▶
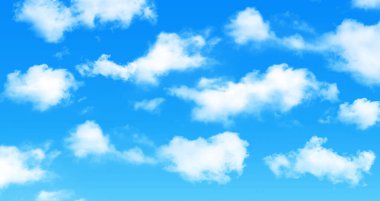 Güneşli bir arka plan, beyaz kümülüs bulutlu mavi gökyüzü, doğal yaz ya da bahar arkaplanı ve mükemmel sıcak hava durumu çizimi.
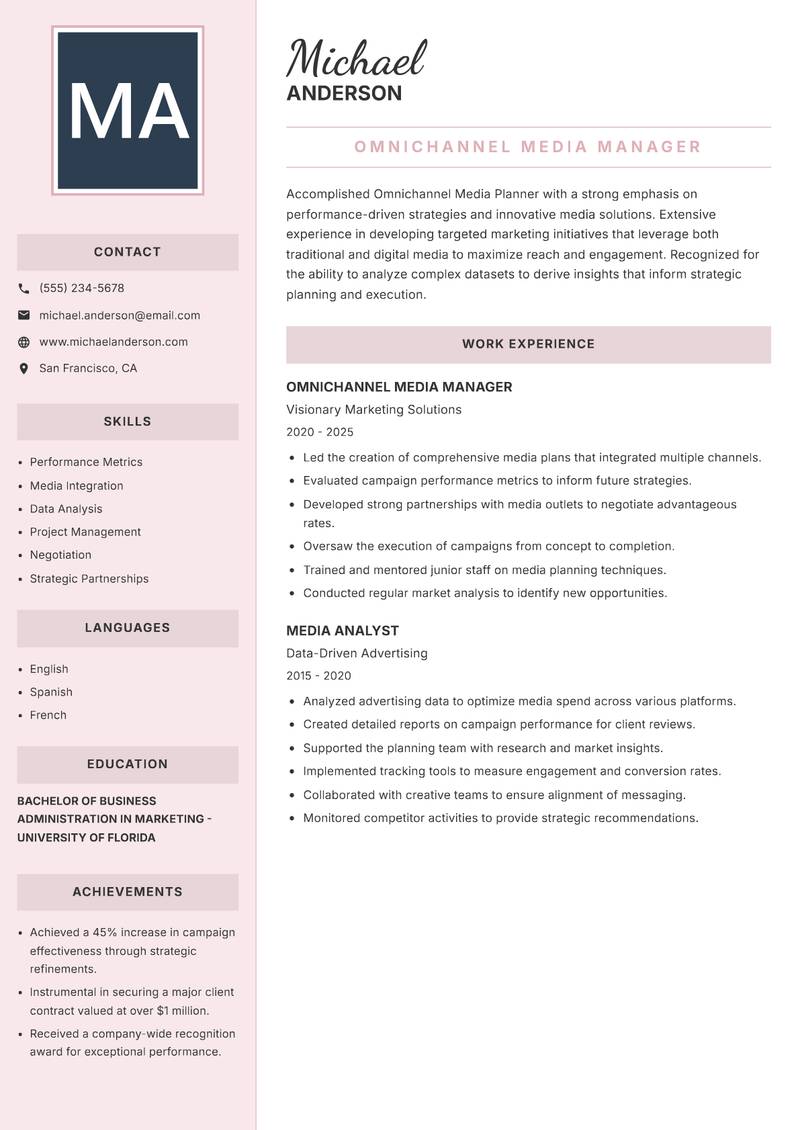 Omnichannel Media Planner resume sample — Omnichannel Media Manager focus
◀
▶
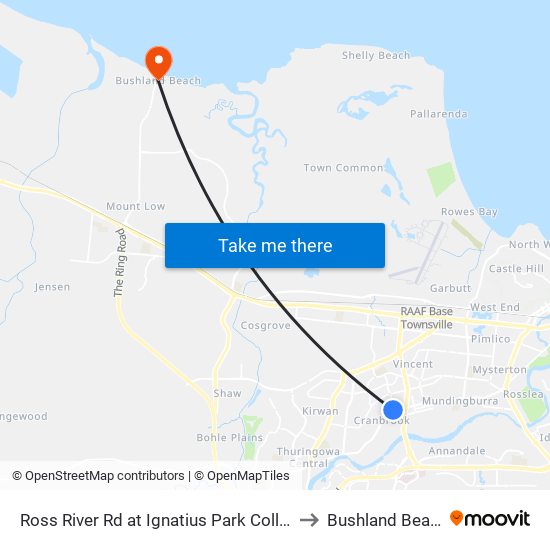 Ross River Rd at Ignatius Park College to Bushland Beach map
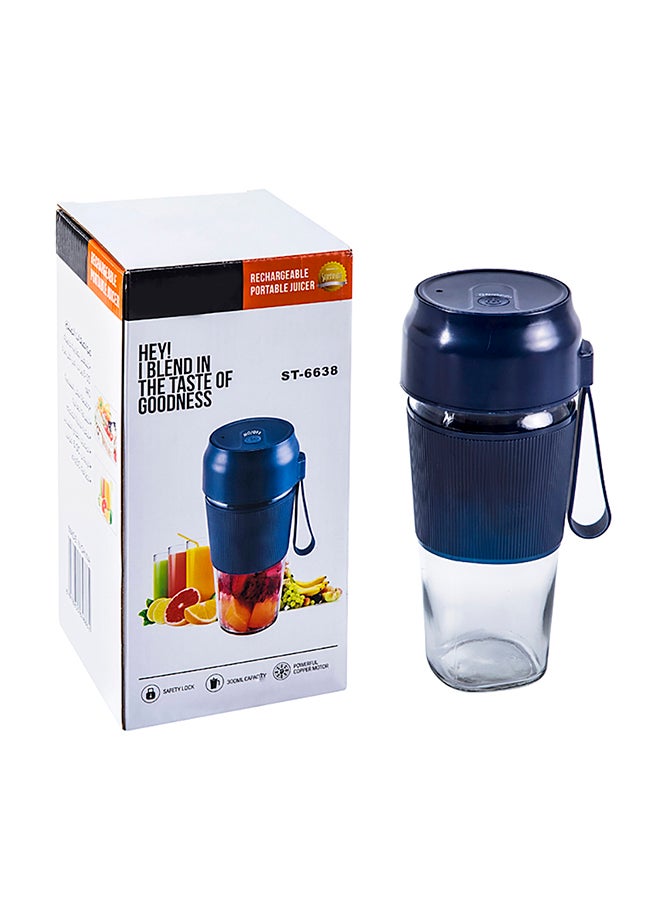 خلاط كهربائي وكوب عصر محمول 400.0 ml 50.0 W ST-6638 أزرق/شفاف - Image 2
◀
— REQUIRED ACTION —
Copy needed, without pictures: the lines of the listing above from the line containing "Güneşli bir arka" up to and including the line containing "Omnichannel Media Planner", set down exactly.

— RESPONSE AREA —
 Güneşli bir arka plan, beyaz kümülüs bulutlu mavi gökyüzü, doğal yaz ya da bahar arkaplanı ve mükemmel sıcak hava durumu çizimi.
 Omnichannel Media Planner resume sample — Omnichannel Media Manager focus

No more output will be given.